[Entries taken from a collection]
+ + + +
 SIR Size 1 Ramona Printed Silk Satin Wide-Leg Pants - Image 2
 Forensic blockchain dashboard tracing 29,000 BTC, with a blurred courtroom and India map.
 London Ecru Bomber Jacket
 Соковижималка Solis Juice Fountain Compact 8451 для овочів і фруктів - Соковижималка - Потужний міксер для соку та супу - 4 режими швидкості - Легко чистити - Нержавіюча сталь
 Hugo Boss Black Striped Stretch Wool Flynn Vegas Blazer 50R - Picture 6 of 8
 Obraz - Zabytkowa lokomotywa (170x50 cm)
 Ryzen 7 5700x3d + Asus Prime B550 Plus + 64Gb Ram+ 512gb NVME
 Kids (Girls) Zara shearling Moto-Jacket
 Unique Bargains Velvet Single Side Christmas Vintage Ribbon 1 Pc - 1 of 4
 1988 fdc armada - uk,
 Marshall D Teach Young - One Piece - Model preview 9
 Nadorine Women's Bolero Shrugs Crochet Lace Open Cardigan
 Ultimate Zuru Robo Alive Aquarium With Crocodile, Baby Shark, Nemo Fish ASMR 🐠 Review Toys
+ + + +
▸ **Required work**: Repeat only the stretch of lines starting at the one containing "Unique Bargains Velvet" and running to the final line of the entries above.

▸ **Exercise solution**:
 Unique Bargains Velvet Single Side Christmas Vintage Ribbon 1 Pc - 1 of 4
 1988 fdc armada - uk,
 Marshall D Teach Young - One Piece - Model preview 9
 Nadorine Women's Bolero Shrugs Crochet Lace Open Cardigan
 Ultimate Zuru Robo Alive Aquarium With Crocodile, Baby Shark, Nemo Fish ASMR 🐠 Review Toys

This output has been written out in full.